Supplied information:
┄┄┄┄┄┄┄┄┄┄

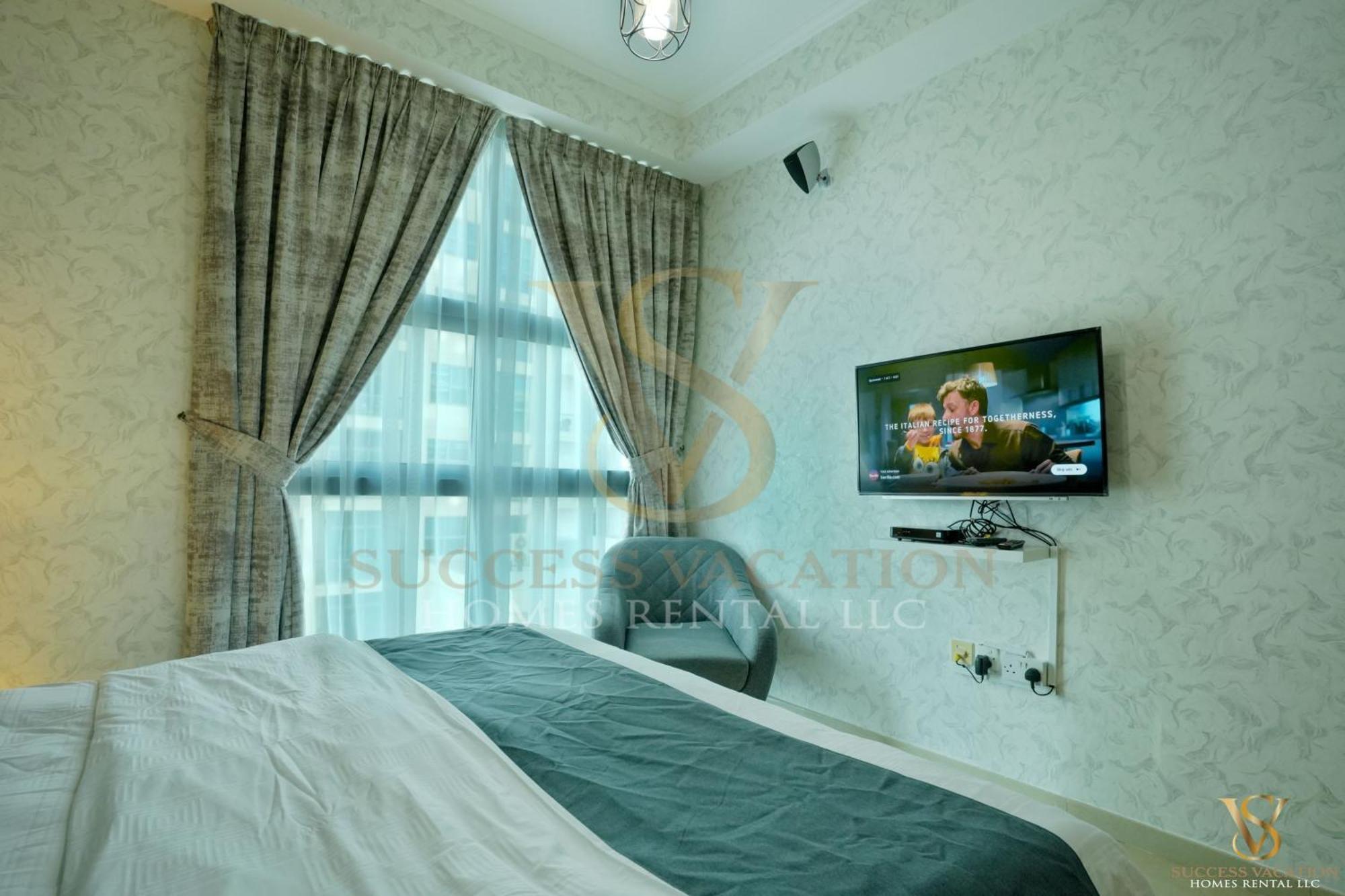 Success Luxury Apartment - 5 Min Away Marina Corniche - Free Housekeeping Provided Everyday-24-7 Staff Available For Services Dubai Eksteriør bilde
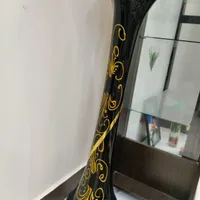 گل مصنوعی و گلدان شیشه ای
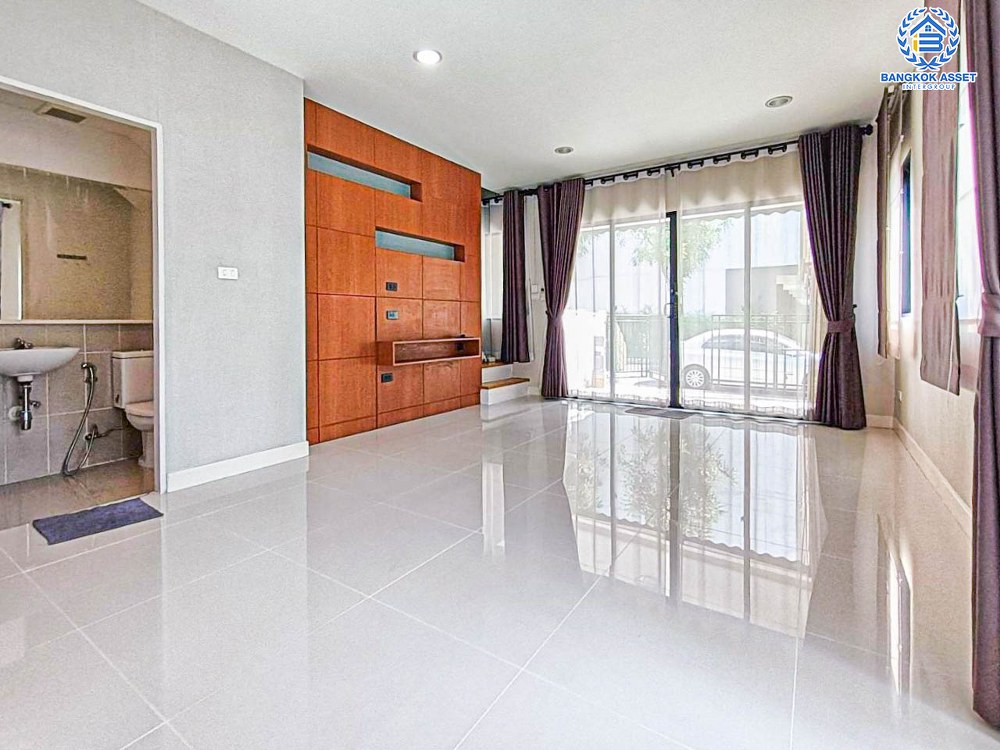 ทาวน์โฮม 3 ชั้นมือสอง โครงการ บ้านกลางเมือง กัลปพฤกษ์ หลังมุม เนื้อที่กว้าง 26.40 ตร.ว. ฟังก์ชัน 3 ห้องนอน 3 ห้องน้ำ 2 ที่จอดรถ ภายในสภาพเหมือนใหม่ พื้นที่ใช้สอยกว้างขวาง บนทำเลเดินทางสะดวก เชื่อมต่อถนนกัลปพฤกษ์ ถนนราชพฤกษ์ ภนนกาญจณาภิเษก ใกล้รถไฟฟ้าสายสีเขียว "สถานีวุฒากาศ " และทางด่วน "ศรีรัช"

┄┄┄┄┄┄┄┄┄┄

Prompt:
Could you return exactly the lines starting with the one that contains "گل مصنوعی و گلدان شیشه ای" and ending with the last line of the data above? Leave the pictures out.

Problem solution:
 گل مصنوعی و گلدان شیشه ای
 ทาวน์โฮม 3 ชั้นมือสอง โครงการ บ้านกลางเมือง กัลปพฤกษ์ หลังมุม เนื้อที่กว้าง 26.40 ตร.ว. ฟังก์ชัน 3 ห้องนอน 3 ห้องน้ำ 2 ที่จอดรถ ภายในสภาพเหมือนใหม่ พื้นที่ใช้สอยกว้างขวาง บนทำเลเดินทางสะดวก เชื่อมต่อถนนกัลปพฤกษ์ ถนนราชพฤกษ์ ภนนกาญจณาภิเษก ใกล้รถไฟฟ้าสายสีเขียว "สถานีวุฒากาศ " และทางด่วน "ศรีรัช"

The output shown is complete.